The melting point of crystallized honey is between 40 and 50 °C (104 and 122 °F). Too much heat will destroy the nutritional elements of honey. Heating up to 37 °C (98.6 °F) causes loss of nearly 200 components, some of which are antibacterial. Heating to 40 °C (104 °F) reduces enzymes.

Many commercial beekeepers invest in heated honey storage tanks. With the constant heat the honey never gets a chance to form crystals. These tanks are always kept around 125 degrees F. (More on this later when I learn more about them…)

With our small time operation with no heated tank (not yet at least) we keep all our honey in glass jars. Using glass makes it easier to heat the honey up. In previous years we kept our honey in food grade plastic containers but then it crystallized in those containers and then had to be scooped out into jars and then heated to liquefy. So now we're skipping the plastic entirely.

All family members and even a few friends save and wash all their glass pickle, relish, jam jars, etc., for us to use.
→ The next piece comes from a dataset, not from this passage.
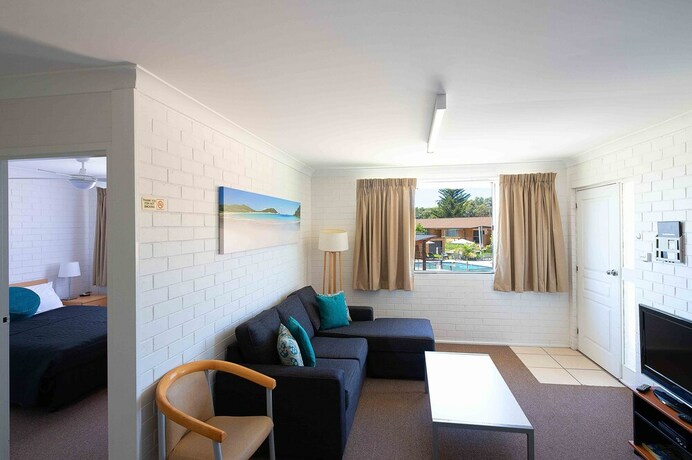 Imagen de la habitación del Hotel Seaside Holiday Resort Fingal Bay. Foto 26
We don't put all our honey in "for sale" jars until we need them. That way we don't have to buy boxes and boxes of for sale jars all at once. When ready, we heat the jars to liquefy the honey and then pour into the for sale jars as needed and label them.
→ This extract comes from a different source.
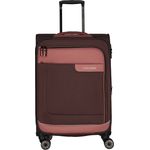 Travelite Viia 4w Trolley M 67 Frühlingsrose, 70 l Volumen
[Photo - Last year's plastic pails.  We still use them but the jars are used first.]

We use a pressure cooker to heat the honey in a hot bath. This is the marketing manager's (Dad's) job. He and Mom boil water in their pressure cooker. Then they turn off the heat and set the honey jars inside the hot water. The pressure cooker has a wire base which keeps the jars from sitting directly on the metal bottom. They leave the jars for a couple hours and the heat works to slowly melt the crystals.

The key is to not let the temperature get above 40°C (104 °F). At 50 °C (122 °F) honey will caramelize.

Pasteurized honey available in grocery stores has been heated at 161 °F (71.7 °C) or higher. Cooking at this heat destroys yeast cells, reduces enzymes, darkens the colour and changes the taste and smell of the honey.

Freezing Honey:

Below 5 °C, the honey will not crystallize and the original texture and flavour are preserved indefinitely.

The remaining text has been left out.